**WHAT YOU SHOULD DO:**
Without the images, reproduce each line of the material exactly.

**COLLECTED DATA:**
==*==
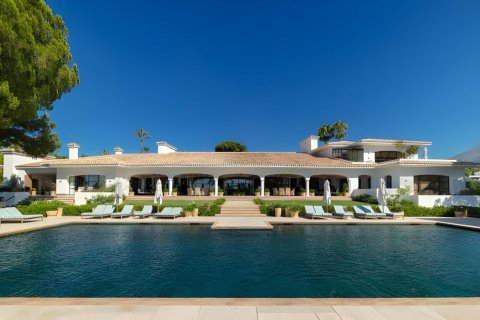 House for sale Marbella, Malaga, Spain 16 bedrooms, 2000 sq.m. No. 130261 - photo 3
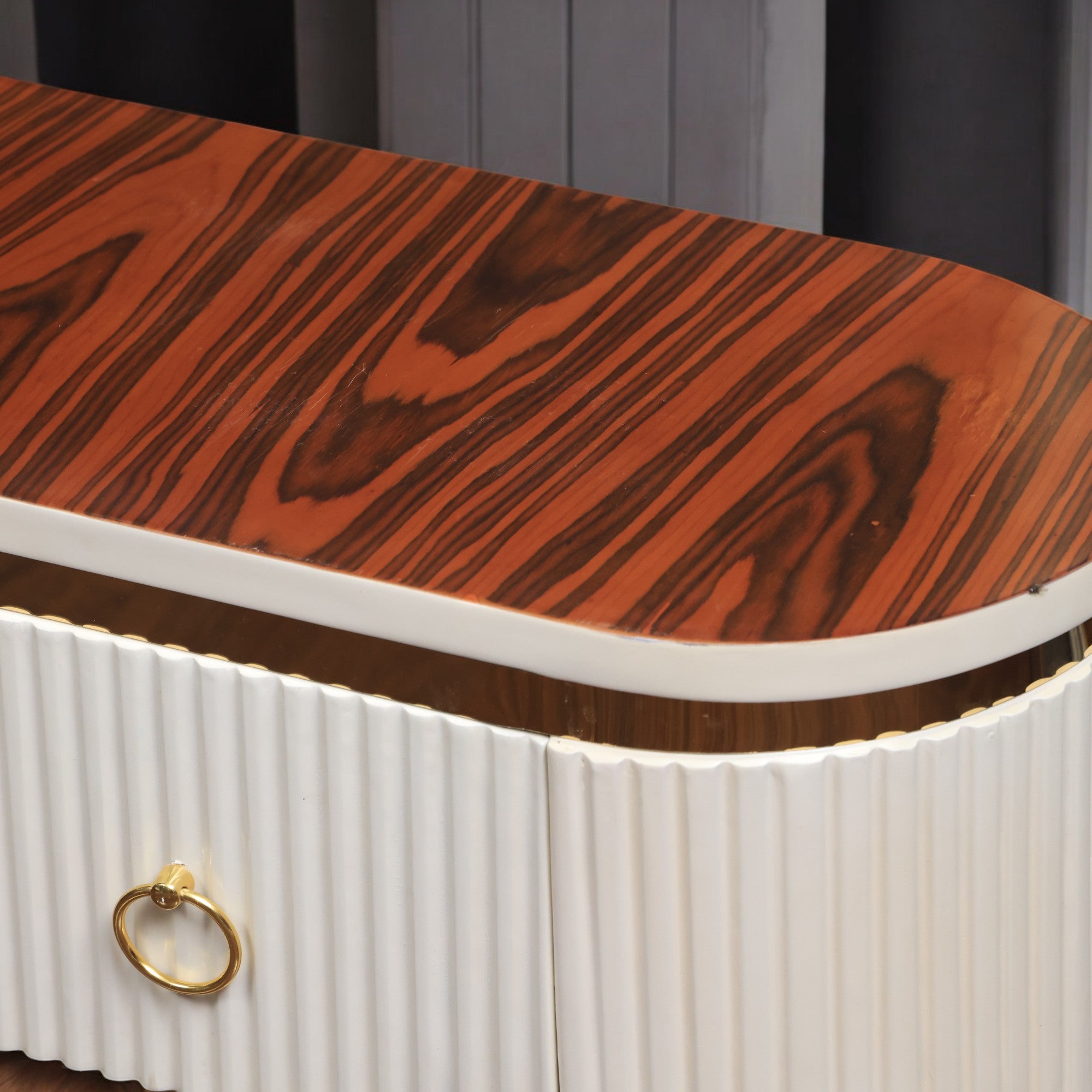 ترابيزة تليفزيون 176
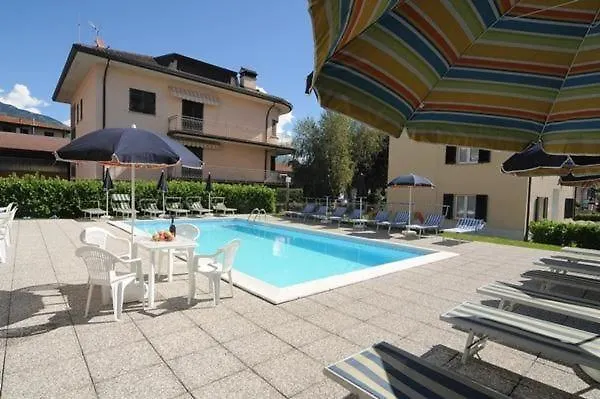 Wohnung In Domaso Mit Gemeinschaftlichem Pool İtalya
==*==
**RESPONSE TO THE EXERCISE:**
 House for sale Marbella, Malaga, Spain 16 bedrooms, 2000 sq.m. No. 130261 - photo 3
 ترابيزة تليفزيون 176
 Wohnung In Domaso Mit Gemeinschaftlichem Pool İtalya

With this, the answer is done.